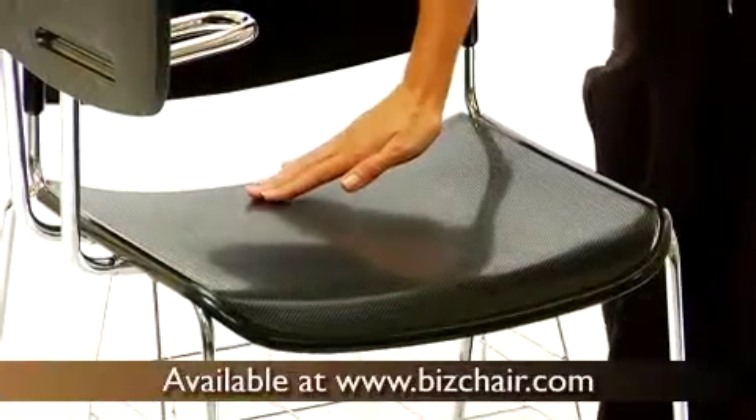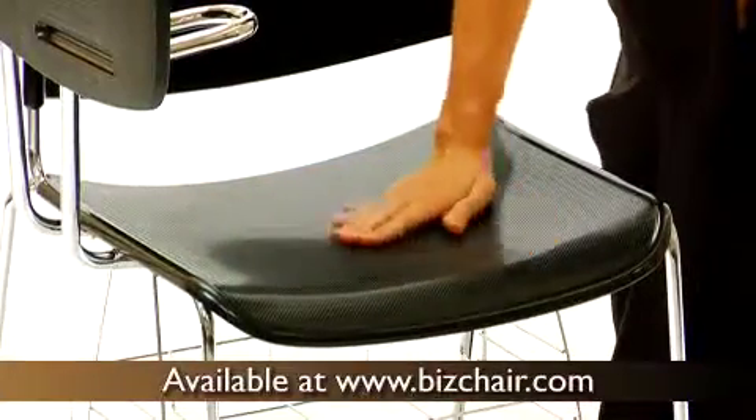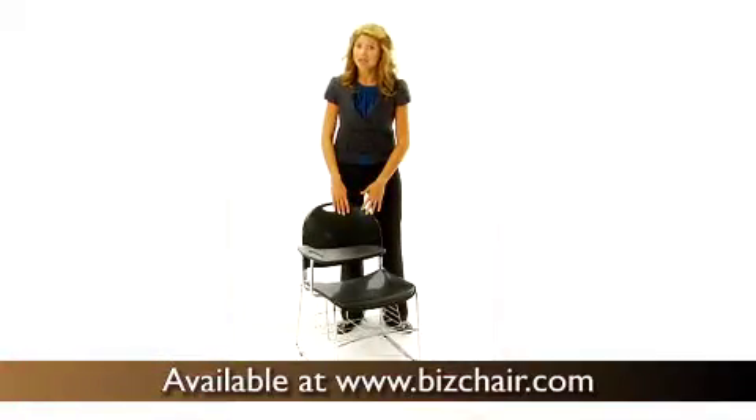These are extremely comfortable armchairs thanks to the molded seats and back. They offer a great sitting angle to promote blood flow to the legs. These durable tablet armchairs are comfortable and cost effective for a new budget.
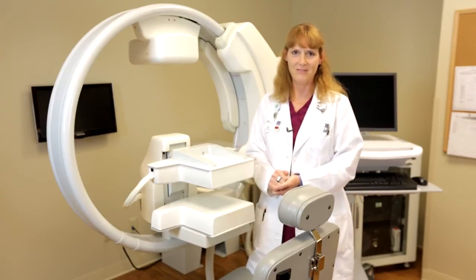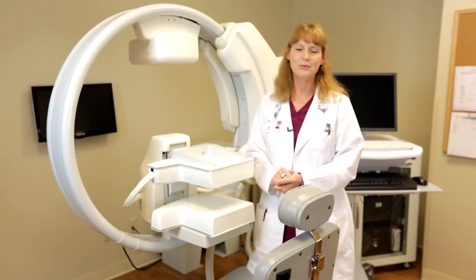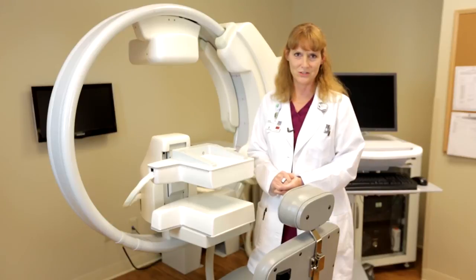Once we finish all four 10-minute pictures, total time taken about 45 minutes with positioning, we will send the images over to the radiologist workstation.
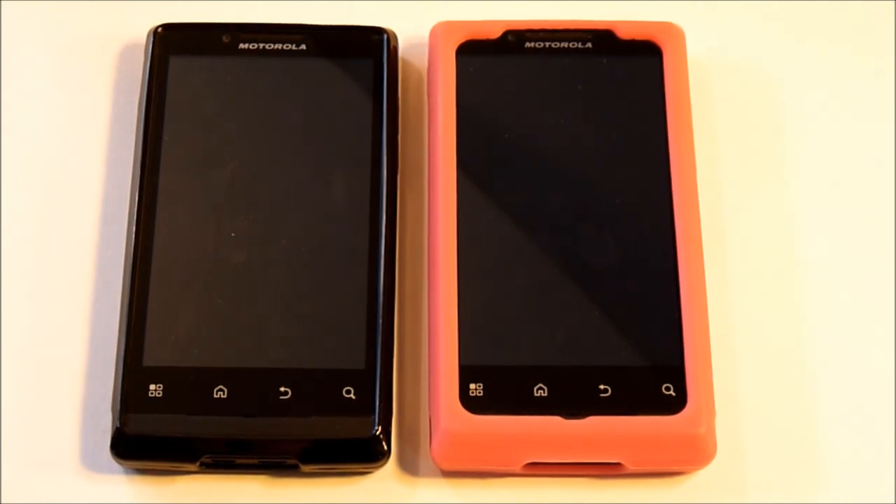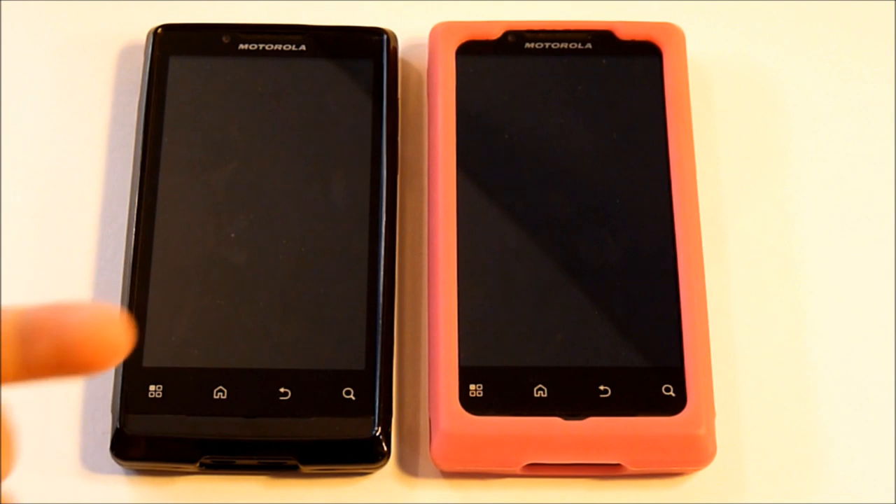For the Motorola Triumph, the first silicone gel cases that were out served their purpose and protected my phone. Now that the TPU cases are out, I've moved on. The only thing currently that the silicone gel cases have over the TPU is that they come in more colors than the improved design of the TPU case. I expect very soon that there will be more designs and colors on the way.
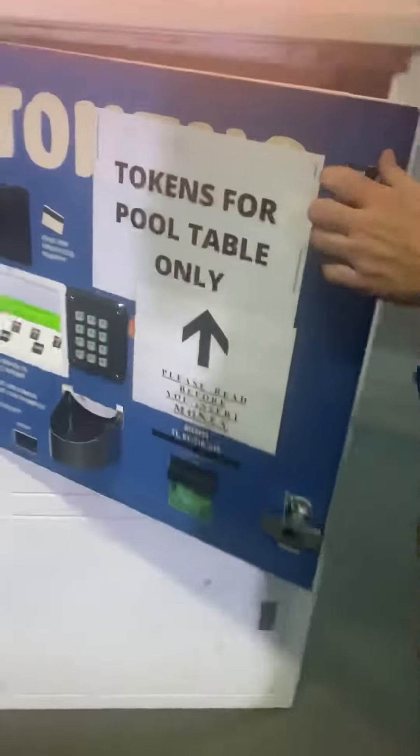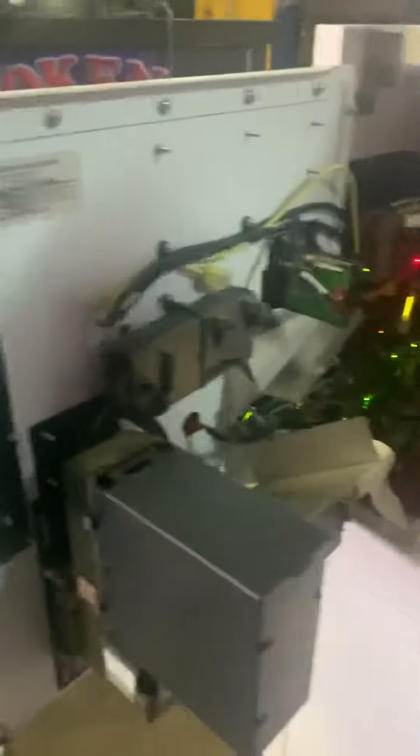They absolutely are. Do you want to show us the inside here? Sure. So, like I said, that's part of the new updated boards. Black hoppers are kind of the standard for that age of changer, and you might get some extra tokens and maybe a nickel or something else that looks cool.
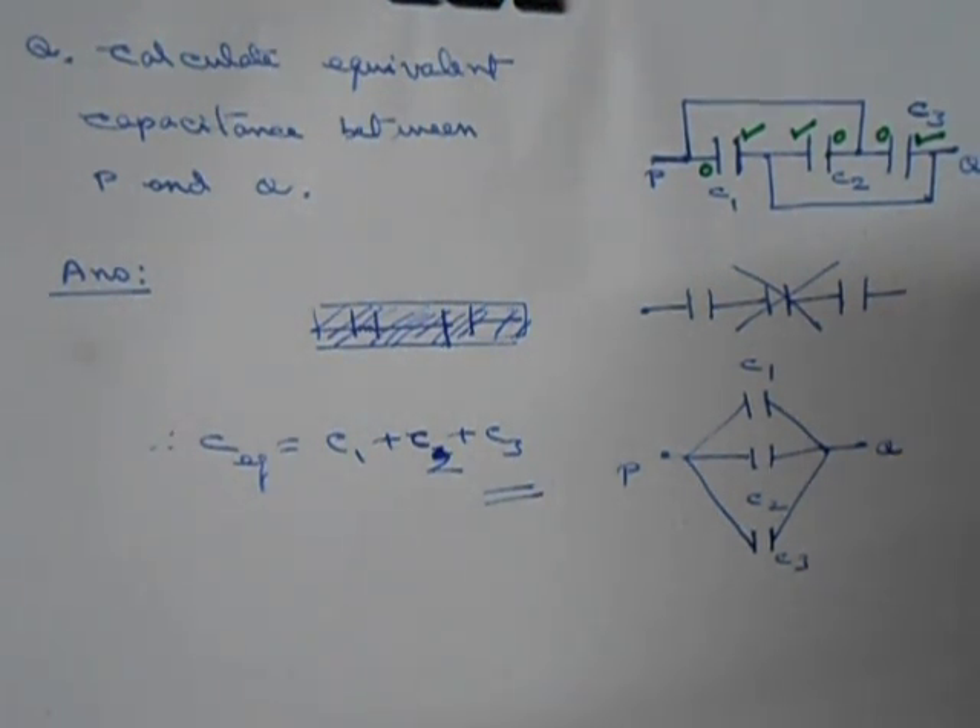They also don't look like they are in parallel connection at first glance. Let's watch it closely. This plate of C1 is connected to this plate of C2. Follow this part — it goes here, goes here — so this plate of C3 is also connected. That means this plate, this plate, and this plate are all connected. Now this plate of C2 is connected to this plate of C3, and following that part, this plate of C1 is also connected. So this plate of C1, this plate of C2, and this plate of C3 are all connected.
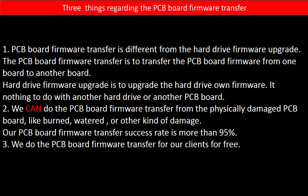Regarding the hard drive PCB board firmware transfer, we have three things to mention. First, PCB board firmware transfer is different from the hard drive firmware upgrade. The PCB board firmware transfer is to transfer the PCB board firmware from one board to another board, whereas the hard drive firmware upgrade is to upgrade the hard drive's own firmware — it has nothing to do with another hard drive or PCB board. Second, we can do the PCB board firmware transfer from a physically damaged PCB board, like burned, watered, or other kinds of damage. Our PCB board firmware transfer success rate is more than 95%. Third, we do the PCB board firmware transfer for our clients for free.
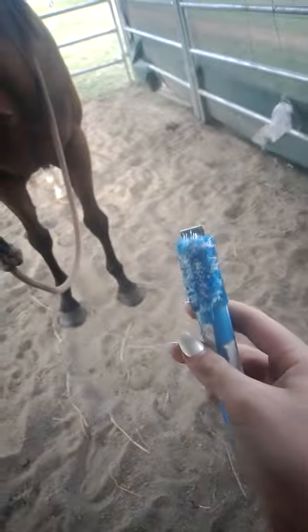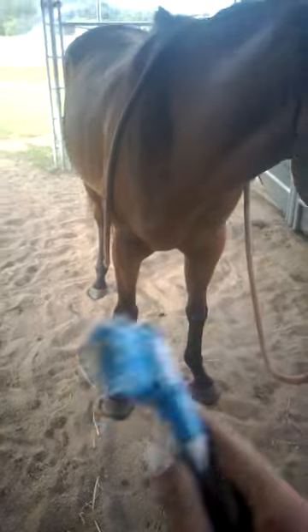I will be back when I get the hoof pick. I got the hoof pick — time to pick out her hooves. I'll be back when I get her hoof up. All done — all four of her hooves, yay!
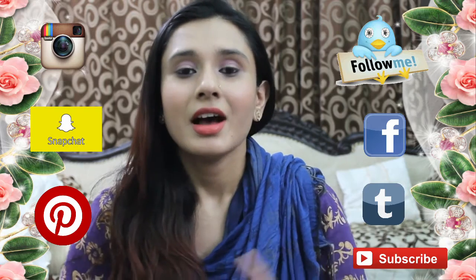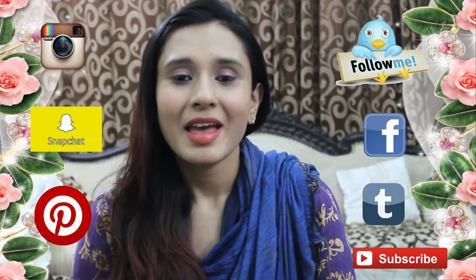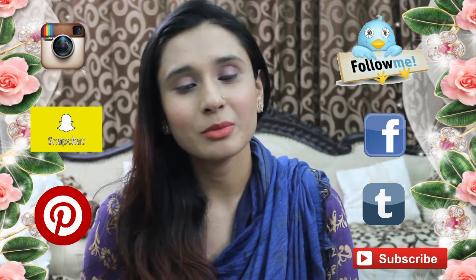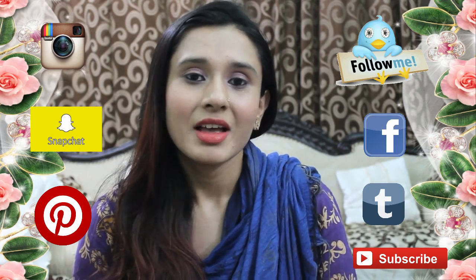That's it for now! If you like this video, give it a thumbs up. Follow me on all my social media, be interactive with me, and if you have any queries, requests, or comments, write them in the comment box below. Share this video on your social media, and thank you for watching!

· · · ·

* _Your objective_:
Except for the pictures, give the data again word for word.

* _Response to this task_:
These are extremely comfortable armchairs thanks to the molded seats and back. They offer a great sitting angle to promote blood flow to the legs. These durable tablet armchairs are comfortable and cost effective for a new budget.
Once we finish all four 10-minute pictures, total time taken about 45 minutes with positioning, we will send the images over to the radiologist workstation.
For the Motorola Triumph, the first silicone gel cases that were out served their purpose and protected my phone. Now that the TPU cases are out, I've moved on. The only thing currently that the silicone gel cases have over the TPU is that they come in more colors than the improved design of the TPU case. I expect very soon that there will be more designs and colors on the way.
They absolutely are. Do you want to show us the inside here? Sure. So, like I said, that's part of the new updated boards. Black hoppers are kind of the standard for that age of changer, and you might get some extra tokens and maybe a nickel or something else that looks cool.
They also don't look like they are in parallel connection at first glance. Let's watch it closely. This plate of C1 is connected to this plate of C2. Follow this part — it goes here, goes here — so this plate of C3 is also connected. That means this plate, this plate, and this plate are all connected. Now this plate of C2 is connected to this plate of C3, and following that part, this plate of C1 is also connected. So this plate of C1, this plate of C2, and this plate of C3 are all connected.
Regarding the hard drive PCB board firmware transfer, we have three things to mention. First, PCB board firmware transfer is different from the hard drive firmware upgrade. The PCB board firmware transfer is to transfer the PCB board firmware from one board to another board, whereas the hard drive firmware upgrade is to upgrade the hard drive's own firmware — it has nothing to do with another hard drive or PCB board. Second, we can do the PCB board firmware transfer from a physically damaged PCB board, like burned, watered, or other kinds of damage. Our PCB board firmware transfer success rate is more than 95%. Third, we do the PCB board firmware transfer for our clients for free.
I will be back when I get the hoof pick. I got the hoof pick — time to pick out her hooves. I'll be back when I get her hoof up. All done — all four of her hooves, yay!
That's it for now! If you like this video, give it a thumbs up. Follow me on all my social media, be interactive with me, and if you have any queries, requests, or comments, write them in the comment box below. Share this video on your social media, and thank you for watching!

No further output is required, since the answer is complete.